### Your assignment
Copy each line of the records below that has "Logo" in it.

### Records for the task
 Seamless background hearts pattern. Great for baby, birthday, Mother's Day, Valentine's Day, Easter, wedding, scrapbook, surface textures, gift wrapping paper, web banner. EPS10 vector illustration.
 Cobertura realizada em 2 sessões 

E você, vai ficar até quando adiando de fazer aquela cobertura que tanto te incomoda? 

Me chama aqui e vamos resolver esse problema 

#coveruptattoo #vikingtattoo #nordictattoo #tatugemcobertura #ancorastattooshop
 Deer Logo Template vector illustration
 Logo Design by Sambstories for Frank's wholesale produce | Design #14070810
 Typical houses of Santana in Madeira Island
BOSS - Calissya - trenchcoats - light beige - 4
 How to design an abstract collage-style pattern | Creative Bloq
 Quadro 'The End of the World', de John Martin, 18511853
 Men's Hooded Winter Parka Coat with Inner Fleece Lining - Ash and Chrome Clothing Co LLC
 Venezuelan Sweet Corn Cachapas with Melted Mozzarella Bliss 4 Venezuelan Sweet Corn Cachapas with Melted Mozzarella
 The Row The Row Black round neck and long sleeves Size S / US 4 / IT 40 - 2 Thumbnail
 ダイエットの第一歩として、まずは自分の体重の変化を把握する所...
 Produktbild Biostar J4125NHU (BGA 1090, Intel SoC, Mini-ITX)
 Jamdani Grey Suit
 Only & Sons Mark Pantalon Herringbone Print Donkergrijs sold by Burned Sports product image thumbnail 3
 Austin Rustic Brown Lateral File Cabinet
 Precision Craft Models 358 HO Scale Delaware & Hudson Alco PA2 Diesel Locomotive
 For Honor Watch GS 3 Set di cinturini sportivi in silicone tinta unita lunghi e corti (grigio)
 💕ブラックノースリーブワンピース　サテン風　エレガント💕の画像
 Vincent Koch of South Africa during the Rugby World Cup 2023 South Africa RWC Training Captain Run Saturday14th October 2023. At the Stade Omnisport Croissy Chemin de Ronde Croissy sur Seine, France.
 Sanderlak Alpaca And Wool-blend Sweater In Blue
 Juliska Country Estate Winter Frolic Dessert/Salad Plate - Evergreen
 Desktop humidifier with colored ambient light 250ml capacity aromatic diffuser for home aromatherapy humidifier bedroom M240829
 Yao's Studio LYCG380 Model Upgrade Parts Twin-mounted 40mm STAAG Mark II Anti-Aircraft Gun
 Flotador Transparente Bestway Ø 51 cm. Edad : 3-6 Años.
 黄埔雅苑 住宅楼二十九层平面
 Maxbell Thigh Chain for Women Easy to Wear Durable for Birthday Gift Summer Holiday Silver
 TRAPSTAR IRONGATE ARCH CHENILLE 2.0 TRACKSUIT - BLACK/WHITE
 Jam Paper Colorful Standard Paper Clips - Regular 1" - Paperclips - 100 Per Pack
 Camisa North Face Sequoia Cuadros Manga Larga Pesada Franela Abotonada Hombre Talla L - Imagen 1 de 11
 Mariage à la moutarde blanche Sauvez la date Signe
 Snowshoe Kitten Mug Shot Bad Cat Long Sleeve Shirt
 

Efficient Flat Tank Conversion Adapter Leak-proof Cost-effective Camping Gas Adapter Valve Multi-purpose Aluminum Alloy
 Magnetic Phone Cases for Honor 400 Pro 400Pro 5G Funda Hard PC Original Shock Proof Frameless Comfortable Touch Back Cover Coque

### Task answer
 Deer Logo Template vector illustration
 Logo Design by Sambstories for Frank's wholesale produce | Design #14070810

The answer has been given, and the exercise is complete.